## [Supplied data]

┏━━

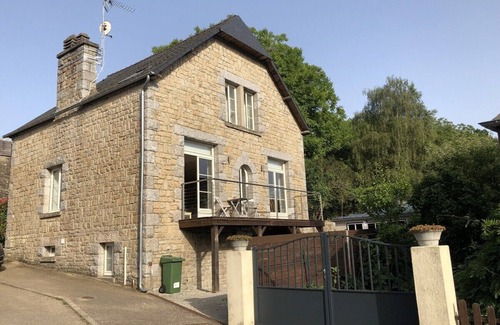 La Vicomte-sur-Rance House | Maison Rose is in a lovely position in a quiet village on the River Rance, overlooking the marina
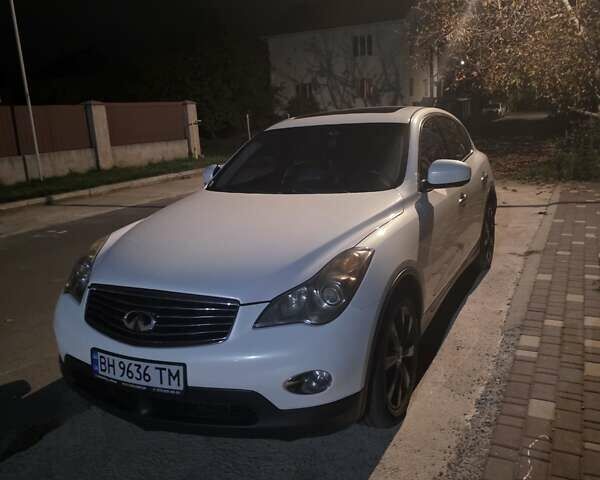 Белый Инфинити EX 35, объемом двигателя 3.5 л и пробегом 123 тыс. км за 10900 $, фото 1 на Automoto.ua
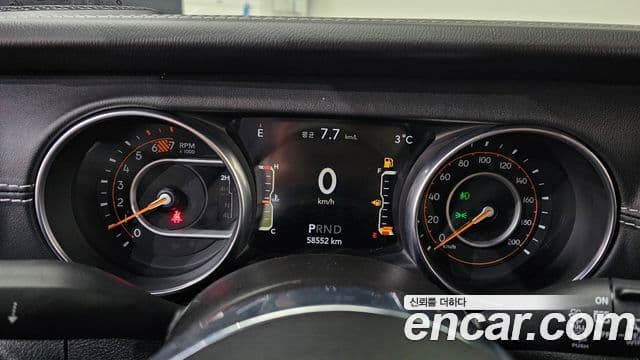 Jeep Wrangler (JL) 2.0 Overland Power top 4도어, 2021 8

┗━━

## [Requirement]
Skip the pictures. Return exactly the lines from the one containing "Белый Инфинити EX" through the end of the data above, both included, and nothing besides.

## [Solution below]
 Белый Инфинити EX 35, объемом двигателя 3.5 л и пробегом 123 тыс. км за 10900 $, фото 1 на Automoto.ua
 Jeep Wrangler (JL) 2.0 Overland Power top 4도어, 2021 8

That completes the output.